# [PCW-R] Ballmer: Linux verwendet "geistiges Eigentum" von Microsoft



## Newsfeed (17 November 2006)

Steve Ballmer hat mal wieder zugeschlagen und mit wenigen Anmerkungen die halbe - wenn nicht gar die ganze - Linux-Gemeinde gegen sich aufgebracht. Demnach ist Ballmer der Ansicht, dass Linux Urheberrechte von Microsoft verletzt.

Weiterlesen...


----------



## technofreak (17 November 2006)

*AW: [PCW-R] Ballmer: Linux verwendet "geistiges Eigentum" von Microsoft*

auch hier 
http://www.heise.de/newsticker/meldung/81235


----------



## Heiko (17 November 2006)

*AW: [PCW-R] Ballmer: Linux verwendet "geistiges Eigentum" von Microsoft*



Newsfeed schrieb:


> Steve Ballmer hat mal wieder zugeschlagen und mit wenigen Anmerkungen die halbe - wenn nicht gar die ganze - Linux-Gemeinde gegen sich aufgebracht. Demnach ist Ballmer der Ansicht, dass Linux Urheberrechte von Microsoft verletzt.
> 
> Weiterlesen...


Gaaaaaaaaaaaaaaaaaaanz bestimmt...


----------



## technofreak (17 November 2006)

*AW: [PCW-R] Ballmer: Linux verwendet "geistiges Eigentum" von Microsoft*



Newsfeed schrieb:


> Demnach ist Ballmer der Ansicht, dass Linux Urheberrechte von Microsoft verletzt.

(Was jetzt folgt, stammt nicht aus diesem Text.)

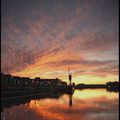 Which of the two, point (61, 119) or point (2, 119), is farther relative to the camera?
point (61, 119)

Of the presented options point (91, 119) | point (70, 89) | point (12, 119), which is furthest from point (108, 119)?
point (70, 89)

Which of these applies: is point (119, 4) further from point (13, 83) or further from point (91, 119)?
point (13, 83)

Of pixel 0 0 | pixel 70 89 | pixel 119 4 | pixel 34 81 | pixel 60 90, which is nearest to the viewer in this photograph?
pixel 119 4

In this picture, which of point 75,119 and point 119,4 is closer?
point 119,4

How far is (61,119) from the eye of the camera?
3375 cm

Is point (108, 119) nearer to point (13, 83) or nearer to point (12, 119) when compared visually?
point (12, 119)

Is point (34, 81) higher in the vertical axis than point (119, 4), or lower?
lower

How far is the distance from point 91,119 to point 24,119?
799 centimetres

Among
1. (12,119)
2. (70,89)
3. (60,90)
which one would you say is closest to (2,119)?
(12,119)

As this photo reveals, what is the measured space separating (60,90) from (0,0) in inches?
5121

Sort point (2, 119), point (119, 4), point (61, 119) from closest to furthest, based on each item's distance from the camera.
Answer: point (119, 4) → point (2, 119) → point (61, 119)

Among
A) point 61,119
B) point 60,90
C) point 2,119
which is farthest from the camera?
point 60,90

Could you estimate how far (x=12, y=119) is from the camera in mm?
33031

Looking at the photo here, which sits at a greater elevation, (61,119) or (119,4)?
(119,4) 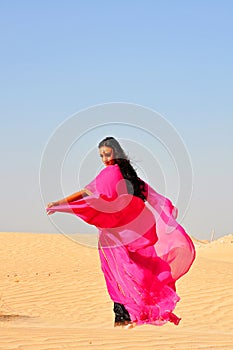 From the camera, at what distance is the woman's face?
8.32 meters

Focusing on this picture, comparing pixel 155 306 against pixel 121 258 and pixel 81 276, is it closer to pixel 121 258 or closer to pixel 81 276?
pixel 121 258

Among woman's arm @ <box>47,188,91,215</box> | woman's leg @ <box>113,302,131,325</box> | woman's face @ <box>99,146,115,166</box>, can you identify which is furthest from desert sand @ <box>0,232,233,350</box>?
woman's face @ <box>99,146,115,166</box>

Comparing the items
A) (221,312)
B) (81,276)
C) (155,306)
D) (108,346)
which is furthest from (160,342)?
(81,276)

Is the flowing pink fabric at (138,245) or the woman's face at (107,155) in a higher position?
the woman's face at (107,155)

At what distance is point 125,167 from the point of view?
840 centimetres

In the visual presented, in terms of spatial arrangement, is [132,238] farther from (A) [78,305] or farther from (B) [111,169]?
(A) [78,305]

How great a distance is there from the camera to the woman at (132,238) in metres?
8.38

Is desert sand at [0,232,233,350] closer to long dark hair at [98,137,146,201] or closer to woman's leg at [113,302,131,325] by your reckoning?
woman's leg at [113,302,131,325]

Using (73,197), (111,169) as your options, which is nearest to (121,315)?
(73,197)

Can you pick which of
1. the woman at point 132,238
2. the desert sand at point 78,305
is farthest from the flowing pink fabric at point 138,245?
the desert sand at point 78,305

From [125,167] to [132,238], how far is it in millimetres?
881

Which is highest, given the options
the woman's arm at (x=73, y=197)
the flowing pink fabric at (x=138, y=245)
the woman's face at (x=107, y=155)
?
the woman's face at (x=107, y=155)

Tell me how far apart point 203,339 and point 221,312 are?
715cm

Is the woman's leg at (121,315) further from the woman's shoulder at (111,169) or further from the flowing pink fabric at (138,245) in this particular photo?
the woman's shoulder at (111,169) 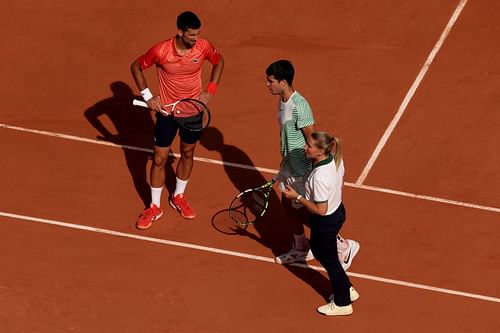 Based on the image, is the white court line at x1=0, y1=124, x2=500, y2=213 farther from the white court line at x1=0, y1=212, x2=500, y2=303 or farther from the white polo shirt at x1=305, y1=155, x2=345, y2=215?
the white polo shirt at x1=305, y1=155, x2=345, y2=215

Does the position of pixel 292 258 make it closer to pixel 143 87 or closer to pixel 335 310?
pixel 335 310

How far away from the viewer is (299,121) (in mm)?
12547

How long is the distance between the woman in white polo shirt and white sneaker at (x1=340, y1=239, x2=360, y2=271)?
32.3 inches

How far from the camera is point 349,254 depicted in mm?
13672

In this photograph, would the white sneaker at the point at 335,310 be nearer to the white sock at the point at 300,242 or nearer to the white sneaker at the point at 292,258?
the white sneaker at the point at 292,258

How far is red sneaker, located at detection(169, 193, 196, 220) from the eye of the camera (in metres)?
14.5

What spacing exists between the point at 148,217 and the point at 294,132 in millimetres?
2733

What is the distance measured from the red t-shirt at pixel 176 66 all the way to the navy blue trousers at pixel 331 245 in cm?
263

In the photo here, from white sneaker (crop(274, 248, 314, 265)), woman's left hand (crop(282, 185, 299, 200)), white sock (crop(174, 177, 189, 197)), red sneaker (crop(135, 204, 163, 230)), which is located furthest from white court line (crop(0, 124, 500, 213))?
woman's left hand (crop(282, 185, 299, 200))

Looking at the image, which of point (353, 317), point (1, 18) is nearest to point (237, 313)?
point (353, 317)

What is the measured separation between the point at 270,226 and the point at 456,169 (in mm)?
3170

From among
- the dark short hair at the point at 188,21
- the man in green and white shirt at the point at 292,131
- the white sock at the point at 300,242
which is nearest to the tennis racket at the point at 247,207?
the white sock at the point at 300,242

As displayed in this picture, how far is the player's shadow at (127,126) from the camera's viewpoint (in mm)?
15703

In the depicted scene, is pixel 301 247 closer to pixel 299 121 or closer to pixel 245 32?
pixel 299 121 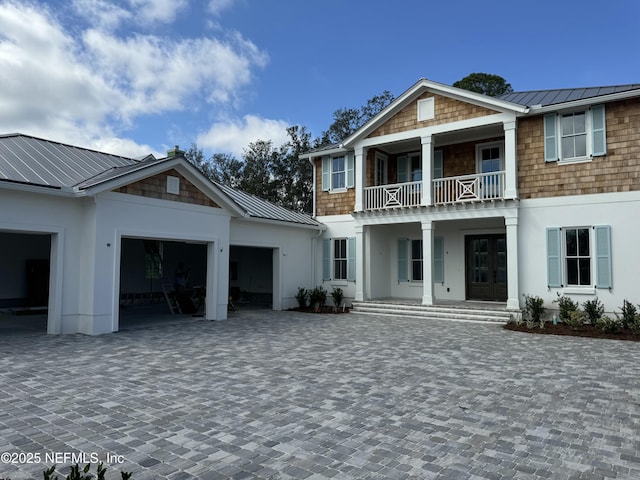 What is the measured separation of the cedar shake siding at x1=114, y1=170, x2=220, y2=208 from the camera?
11.1 meters

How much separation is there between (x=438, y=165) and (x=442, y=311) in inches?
220

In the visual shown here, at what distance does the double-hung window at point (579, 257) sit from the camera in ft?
39.7

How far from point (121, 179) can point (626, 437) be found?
10.3 metres

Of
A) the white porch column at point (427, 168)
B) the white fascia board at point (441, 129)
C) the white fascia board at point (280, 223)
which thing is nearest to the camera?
the white fascia board at point (441, 129)

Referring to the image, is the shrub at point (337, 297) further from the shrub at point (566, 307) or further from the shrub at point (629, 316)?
the shrub at point (629, 316)

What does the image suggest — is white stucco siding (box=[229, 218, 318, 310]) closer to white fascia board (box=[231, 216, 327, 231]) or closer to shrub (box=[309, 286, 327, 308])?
white fascia board (box=[231, 216, 327, 231])

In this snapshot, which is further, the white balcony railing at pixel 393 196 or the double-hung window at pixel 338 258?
the double-hung window at pixel 338 258

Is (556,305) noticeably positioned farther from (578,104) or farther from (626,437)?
(626,437)

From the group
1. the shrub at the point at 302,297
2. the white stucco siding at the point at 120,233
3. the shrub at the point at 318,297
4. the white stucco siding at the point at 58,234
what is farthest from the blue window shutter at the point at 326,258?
the white stucco siding at the point at 58,234

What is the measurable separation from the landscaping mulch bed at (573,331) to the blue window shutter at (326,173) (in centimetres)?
874

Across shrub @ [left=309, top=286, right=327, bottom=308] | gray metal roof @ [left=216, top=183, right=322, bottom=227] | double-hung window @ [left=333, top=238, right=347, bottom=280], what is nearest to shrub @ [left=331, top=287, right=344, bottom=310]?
shrub @ [left=309, top=286, right=327, bottom=308]

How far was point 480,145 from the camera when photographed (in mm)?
15633

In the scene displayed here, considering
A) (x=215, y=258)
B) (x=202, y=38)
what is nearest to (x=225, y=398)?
(x=215, y=258)

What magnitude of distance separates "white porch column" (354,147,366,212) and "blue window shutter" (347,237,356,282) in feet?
4.43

das ist eigentlich keine  Beschuldigung sondern eine  Beleidigung....


----------



## Heiko (17 November 2006)

*AW: [PCW-R] Ballmer: Linux verwendet "geistiges Eigentum" von Microsoft*



technofreak schrieb:


> das ist eigentlich keine  Beschuldigung sondern eine  Beleidigung....


So, wie sich der Artikel liest, handelt es sich schlicht um Marketing.


----------



## technofreak (17 November 2006)

*AW: [PCW-R] Ballmer: Linux verwendet "geistiges Eigentum" von Microsoft*



Heiko schrieb:


> So, wie sich der Artikel liest, handelt es sich schlicht um Marketing.


wenn ich jetzt schriebe, was ich von Marketing halte, müßte ich mich selbst editieren....


----------